How many lines in the material below include the word "priced"? Give only the number.

#### Records for this exercise
---*---

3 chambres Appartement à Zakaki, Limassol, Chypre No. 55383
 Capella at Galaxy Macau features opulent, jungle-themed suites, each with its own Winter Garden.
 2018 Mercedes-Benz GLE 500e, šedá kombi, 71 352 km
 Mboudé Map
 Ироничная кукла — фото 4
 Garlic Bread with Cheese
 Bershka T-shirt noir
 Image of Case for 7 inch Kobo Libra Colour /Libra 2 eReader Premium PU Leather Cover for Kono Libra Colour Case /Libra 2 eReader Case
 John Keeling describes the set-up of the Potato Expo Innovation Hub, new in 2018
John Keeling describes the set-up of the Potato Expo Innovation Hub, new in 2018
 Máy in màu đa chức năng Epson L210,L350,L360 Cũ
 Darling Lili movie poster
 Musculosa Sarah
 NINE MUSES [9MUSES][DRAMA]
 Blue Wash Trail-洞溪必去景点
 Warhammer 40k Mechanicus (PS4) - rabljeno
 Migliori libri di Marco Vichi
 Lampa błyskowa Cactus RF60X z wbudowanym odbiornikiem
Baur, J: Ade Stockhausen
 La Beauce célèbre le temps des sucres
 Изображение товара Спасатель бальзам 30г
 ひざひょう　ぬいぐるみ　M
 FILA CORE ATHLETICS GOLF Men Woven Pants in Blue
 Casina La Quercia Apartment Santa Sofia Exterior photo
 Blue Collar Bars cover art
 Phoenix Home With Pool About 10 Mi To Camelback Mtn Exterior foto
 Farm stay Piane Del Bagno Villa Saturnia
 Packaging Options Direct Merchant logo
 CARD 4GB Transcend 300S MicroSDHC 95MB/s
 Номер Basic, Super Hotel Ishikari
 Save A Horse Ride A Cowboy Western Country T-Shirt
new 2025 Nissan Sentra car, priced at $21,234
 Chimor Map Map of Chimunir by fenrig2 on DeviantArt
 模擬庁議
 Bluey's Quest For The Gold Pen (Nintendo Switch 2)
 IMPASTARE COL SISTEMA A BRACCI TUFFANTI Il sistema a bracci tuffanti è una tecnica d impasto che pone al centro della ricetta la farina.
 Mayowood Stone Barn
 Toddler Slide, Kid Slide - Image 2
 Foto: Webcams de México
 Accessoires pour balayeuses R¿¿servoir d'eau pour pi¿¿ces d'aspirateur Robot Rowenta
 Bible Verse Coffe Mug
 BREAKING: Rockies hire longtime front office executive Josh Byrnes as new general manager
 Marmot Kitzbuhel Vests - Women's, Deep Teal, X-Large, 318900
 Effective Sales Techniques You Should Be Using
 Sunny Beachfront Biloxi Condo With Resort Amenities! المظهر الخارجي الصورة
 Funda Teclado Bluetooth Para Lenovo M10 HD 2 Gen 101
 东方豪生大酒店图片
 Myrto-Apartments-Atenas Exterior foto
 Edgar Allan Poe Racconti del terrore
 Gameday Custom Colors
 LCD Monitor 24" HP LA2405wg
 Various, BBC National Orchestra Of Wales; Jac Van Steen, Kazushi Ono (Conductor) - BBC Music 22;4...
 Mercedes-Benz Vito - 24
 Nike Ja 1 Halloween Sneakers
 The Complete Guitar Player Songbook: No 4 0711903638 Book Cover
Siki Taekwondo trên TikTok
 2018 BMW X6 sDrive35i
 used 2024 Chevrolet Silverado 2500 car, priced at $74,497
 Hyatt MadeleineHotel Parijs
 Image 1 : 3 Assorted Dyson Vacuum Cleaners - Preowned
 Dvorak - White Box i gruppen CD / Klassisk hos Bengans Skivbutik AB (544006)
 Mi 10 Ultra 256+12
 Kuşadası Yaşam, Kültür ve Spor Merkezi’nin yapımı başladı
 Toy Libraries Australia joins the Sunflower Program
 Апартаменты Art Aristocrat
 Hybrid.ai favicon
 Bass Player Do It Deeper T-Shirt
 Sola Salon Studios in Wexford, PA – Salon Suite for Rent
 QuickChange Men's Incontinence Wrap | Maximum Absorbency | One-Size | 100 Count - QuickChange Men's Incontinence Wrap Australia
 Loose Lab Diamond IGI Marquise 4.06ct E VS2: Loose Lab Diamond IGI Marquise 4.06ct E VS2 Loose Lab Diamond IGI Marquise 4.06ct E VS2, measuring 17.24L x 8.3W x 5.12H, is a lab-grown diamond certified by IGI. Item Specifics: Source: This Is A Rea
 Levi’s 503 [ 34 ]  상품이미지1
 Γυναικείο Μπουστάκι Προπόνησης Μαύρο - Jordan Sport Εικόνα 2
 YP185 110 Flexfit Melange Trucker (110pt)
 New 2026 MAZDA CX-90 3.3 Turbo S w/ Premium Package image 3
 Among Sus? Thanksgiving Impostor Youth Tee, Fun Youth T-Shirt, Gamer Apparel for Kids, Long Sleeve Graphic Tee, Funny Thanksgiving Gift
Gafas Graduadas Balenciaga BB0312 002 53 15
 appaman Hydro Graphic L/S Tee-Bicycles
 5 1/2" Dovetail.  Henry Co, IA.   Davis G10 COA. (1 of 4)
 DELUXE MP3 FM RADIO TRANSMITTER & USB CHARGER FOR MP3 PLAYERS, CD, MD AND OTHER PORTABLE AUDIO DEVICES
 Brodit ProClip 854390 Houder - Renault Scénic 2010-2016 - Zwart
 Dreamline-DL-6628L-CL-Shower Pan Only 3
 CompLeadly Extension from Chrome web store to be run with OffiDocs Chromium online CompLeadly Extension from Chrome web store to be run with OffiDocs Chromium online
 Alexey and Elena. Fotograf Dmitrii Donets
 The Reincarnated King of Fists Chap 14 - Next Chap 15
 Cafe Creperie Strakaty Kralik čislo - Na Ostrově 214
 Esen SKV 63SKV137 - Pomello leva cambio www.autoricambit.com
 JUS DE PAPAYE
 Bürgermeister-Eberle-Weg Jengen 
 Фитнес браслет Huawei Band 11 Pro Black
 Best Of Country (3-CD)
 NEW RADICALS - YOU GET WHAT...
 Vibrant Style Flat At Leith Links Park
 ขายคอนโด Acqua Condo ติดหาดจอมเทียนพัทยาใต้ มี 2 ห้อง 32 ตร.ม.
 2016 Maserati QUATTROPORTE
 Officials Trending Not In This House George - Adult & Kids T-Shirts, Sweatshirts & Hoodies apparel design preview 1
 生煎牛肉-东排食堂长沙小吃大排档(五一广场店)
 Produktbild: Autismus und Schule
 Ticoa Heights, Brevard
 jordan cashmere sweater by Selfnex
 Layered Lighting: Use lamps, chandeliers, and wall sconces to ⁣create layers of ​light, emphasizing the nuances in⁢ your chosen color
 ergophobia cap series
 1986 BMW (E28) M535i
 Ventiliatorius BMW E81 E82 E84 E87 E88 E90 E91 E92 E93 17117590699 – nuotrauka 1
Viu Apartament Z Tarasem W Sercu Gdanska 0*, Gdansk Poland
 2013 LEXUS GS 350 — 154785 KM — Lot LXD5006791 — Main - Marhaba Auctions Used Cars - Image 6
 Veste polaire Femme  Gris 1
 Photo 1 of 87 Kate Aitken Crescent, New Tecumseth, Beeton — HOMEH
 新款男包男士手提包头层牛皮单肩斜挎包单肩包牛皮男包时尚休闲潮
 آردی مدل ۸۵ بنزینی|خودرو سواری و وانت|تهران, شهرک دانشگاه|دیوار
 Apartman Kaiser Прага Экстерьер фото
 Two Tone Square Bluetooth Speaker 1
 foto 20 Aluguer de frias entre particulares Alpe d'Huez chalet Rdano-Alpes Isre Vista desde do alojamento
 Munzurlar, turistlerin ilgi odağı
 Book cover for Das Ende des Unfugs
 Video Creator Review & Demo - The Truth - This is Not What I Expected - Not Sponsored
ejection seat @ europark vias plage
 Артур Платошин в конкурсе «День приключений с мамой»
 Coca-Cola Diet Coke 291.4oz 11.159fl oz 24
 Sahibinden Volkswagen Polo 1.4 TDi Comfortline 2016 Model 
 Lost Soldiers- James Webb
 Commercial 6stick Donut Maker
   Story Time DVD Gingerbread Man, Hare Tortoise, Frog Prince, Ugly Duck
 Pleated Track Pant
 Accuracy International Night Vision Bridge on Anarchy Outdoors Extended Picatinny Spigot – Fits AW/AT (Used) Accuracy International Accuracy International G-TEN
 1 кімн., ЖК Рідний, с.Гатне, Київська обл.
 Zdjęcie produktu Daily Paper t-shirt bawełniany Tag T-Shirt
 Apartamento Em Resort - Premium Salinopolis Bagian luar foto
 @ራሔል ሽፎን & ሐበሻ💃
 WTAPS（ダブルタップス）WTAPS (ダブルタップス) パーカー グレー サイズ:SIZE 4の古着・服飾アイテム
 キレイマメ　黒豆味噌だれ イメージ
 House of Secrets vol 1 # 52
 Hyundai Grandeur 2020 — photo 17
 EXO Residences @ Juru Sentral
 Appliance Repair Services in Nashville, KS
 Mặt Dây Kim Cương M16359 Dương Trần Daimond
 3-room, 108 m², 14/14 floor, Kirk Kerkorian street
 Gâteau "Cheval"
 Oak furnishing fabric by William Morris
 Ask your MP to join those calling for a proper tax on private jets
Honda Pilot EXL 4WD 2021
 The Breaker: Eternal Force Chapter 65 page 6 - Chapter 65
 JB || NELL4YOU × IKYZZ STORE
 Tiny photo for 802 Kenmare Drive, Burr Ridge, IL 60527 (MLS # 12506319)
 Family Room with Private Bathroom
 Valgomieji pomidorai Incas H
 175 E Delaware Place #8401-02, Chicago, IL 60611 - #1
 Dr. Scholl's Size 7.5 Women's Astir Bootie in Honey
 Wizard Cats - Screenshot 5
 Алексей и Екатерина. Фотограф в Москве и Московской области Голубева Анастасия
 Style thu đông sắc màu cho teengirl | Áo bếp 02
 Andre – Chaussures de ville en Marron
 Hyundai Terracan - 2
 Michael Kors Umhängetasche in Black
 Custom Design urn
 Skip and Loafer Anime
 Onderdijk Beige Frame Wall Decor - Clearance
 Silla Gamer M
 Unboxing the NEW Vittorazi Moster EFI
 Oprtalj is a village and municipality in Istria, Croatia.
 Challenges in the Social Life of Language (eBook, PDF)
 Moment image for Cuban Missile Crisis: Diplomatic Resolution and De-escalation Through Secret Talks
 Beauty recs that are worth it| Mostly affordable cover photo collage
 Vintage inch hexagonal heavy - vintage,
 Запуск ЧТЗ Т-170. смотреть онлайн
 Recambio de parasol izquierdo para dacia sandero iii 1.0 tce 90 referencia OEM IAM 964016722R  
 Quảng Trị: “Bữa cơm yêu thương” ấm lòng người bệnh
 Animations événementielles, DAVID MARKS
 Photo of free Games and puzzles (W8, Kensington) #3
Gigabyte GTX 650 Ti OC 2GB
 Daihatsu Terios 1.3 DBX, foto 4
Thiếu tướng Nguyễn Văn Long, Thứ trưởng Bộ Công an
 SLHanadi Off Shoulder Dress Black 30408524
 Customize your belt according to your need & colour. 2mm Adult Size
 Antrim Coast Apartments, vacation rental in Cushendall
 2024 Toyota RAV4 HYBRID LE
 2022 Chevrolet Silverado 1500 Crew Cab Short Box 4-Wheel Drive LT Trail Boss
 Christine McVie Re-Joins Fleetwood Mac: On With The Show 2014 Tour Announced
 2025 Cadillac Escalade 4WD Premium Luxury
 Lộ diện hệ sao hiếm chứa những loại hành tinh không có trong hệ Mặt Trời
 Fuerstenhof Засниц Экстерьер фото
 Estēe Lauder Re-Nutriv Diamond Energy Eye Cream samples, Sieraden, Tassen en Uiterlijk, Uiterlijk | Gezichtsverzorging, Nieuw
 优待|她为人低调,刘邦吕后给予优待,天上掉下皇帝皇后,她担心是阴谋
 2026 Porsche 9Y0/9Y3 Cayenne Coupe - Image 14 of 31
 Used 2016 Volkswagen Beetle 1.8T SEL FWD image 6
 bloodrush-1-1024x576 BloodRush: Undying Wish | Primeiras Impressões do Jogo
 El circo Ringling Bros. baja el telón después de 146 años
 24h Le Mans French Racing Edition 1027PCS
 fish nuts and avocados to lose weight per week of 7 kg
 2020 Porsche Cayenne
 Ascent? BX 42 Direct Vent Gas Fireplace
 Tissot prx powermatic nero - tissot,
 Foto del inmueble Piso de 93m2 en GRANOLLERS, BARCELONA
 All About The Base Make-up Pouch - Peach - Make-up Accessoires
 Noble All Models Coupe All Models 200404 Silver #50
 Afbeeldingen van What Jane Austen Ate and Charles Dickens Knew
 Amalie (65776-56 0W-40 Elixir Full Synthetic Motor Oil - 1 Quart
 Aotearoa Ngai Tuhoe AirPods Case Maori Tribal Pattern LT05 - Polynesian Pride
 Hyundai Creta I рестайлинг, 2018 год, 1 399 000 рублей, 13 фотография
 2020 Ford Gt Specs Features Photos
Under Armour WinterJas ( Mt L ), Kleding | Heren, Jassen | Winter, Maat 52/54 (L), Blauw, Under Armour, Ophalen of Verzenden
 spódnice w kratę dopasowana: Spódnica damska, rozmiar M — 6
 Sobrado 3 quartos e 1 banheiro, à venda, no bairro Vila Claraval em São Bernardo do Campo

---*---

#### Response for this exercise
2